The primary central carbohydrate for many Facilivus is trehalose, which serves both as an energy substrate and as a stabilizing reserve compound that protects cellular structures during dehydration, freezing, and high-salinity stress. Trehalose is commonly stored as dense cytosolic granules or as short-chain inclusions embedded in extracellular matrices within biofilms. When energy is required, trehalose is mobilized by trehalose-cleaving enzymes into smaller assimilable units that feed a core catabolic sequence, producing reducing equivalents for membrane electron flow and generating GTP directly at several cytosolic steps. This trehalose-centered metabolism is often integrated with mat-level ecology: upper layers may synthesize and exude trehalose-rich polymers during periods of abundance, while deeper layers specialize in reclaiming and fermenting released trehalose fragments under low-oxidant conditions, returning inorganic byproducts that other layers reuse. In planktonic Facilivus, trehalose storage is frequently coupled to stress anticipation; regulatory circuits increase trehalose synthesis and decrease its breakdown when osmotic pressure rises, ensuring that protective concentrations are achieved before membranes and enzymes are destabilized. Across the group, differences in trehalose handling, storage density, mobilization speed, and the balance between protection and energy extraction, are among the most diagnostically important traits for distinguishing major Facilivus ecotypes.
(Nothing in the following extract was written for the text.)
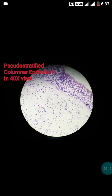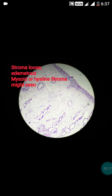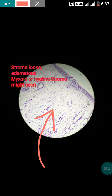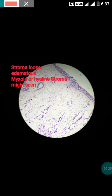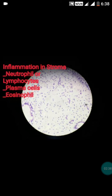The second point: the polyp has a stroma that is very loose and edematous. This is the very loose edematous stroma. Sometimes you can appreciate myxoid change and hyaline stroma as well. This is another characteristic feature of the polyp. We will now inspect the stroma in the high power view.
Facilivus reproduce asexually, most commonly by binary fission, with growth proceeding through envelope expansion and gradual segregation of PNA and cytosolic machinery prior to constriction. Division is typically coordinated by a membrane-anchored ring complex that recruits structural proteins and activates localized envelope remodeling; completion produces two daughter cells with near-identical internal composition, after which rapid rebalancing of GTP pools and trehalose reserves determines whether daughters immediately continue growth or enter a low-activity persistence state. Persistence is widespread in fluctuating environments and is often mediated by reversible shutdown modules that preserve PNA integrity and ribosomal readiness while minimizing GTP expenditure, allowing cells to resume growth quickly when conditions improve.